Source material
------------------------------------------------------------------------
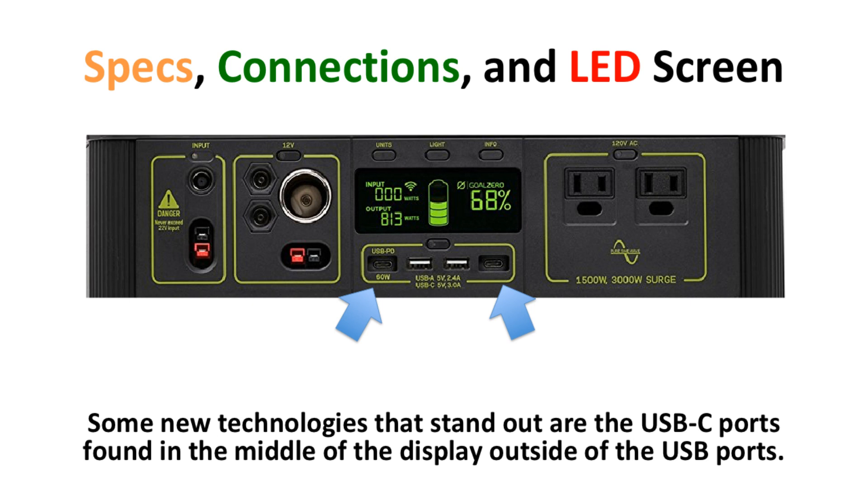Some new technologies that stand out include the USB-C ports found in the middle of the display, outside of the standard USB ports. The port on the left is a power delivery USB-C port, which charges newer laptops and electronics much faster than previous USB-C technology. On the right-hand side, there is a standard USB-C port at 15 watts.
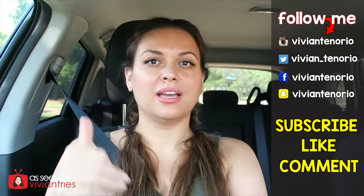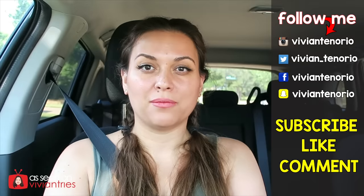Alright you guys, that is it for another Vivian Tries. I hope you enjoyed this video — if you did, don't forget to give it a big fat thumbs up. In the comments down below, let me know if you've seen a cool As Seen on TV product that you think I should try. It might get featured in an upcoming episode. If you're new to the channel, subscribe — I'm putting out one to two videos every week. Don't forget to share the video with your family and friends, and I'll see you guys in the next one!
------------------------------------------------------------------------
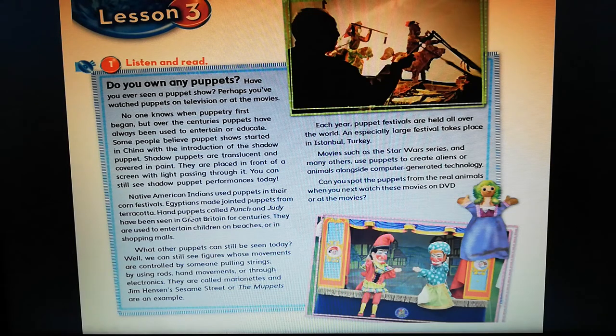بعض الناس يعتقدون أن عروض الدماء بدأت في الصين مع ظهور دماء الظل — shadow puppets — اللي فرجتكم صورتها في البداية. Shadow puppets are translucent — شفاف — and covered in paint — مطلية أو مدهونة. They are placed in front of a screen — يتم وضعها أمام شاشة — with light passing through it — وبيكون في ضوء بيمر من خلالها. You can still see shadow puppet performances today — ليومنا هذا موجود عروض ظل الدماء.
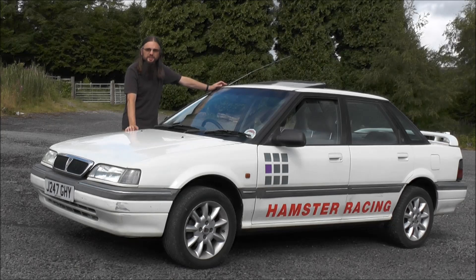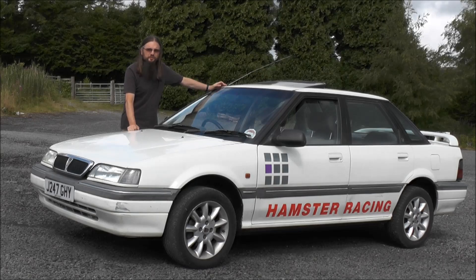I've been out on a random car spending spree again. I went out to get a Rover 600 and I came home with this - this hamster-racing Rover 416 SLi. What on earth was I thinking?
------------------------------------------------------------------------
What to produce
Set the pictures aside and retype exactly the lines above from the line with "بعض الناس يعتقدون" to the line with "I've been out", both included, adding no others.

Written reply
بعض الناس يعتقدون أن عروض الدماء بدأت في الصين مع ظهور دماء الظل — shadow puppets — اللي فرجتكم صورتها في البداية. Shadow puppets are translucent — شفاف — and covered in paint — مطلية أو مدهونة. They are placed in front of a screen — يتم وضعها أمام شاشة — with light passing through it — وبيكون في ضوء بيمر من خلالها. You can still see shadow puppet performances today — ليومنا هذا موجود عروض ظل الدماء.
I've been out on a random car spending spree again. I went out to get a Rover 600 and I came home with this - this hamster-racing Rover 416 SLi. What on earth was I thinking?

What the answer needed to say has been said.